The Federal Executive Council (FEC) on Thursday approved a $2.99 billion package of rail infrastructure projects, signalling a renewed commitment by the administration of Bola Ahmed Tinubu to deepen infrastructure development and unlock economic growth.

While this initiative is widely commendable, there is a growing call for the Federal Government to extend similar support to the Nigerian Railway Corporation (NRC). Strengthening the corporation would significantly improve inter-state transportation, ease the pressure on road networks caused by overloaded trucks, and enhance logistics efficiency nationwide.

Nigeria has already recorded progress with the Lagos–Ibadan rail corridor. However, greater impact can be achieved if the government connects Lagos to Abuja, complementing the existing Kaduna–Katsina line.
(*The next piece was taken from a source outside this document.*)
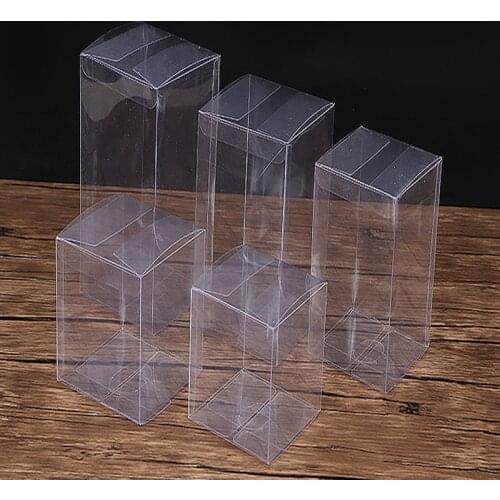 10Pcs Clear Square PVC Packaging Boxes Chocolate Bags Boxes Party Event Decoration Transparent Gift Candy Box Wedding Favor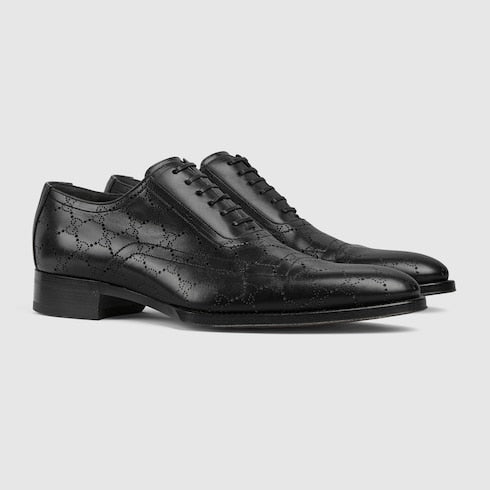 Men's lace-up shoe with lasered GG - black lasered GG leather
Such integration would go a long way in addressing the country’s persistent transportation challenges. There is also increasing public demand for the expansion of rail services to the northern and eastern regions, which would create a more unified and dependable national transport system.

Many Nigerians still recall the 1960s, when train services operated seamlessly from Lagos to Kaduna and even Sokoto—an era that underscored the immense potential of an efficient rail network.

Expanding the railway system aligns with the administration’s Renewed Hope Agenda and would deliver tangible results in infrastructure development. There is also a widely held view that the current leadership of the NRC, under Managing Director Kayode Opeifa, is making meaningful progress in revitalizing rail services.

Sustained government backing will be critical to consolidating these gains and building a modern, efficient, and nationally connected railway system capable of driving economic growth and easing transportation challenges across Nigeria.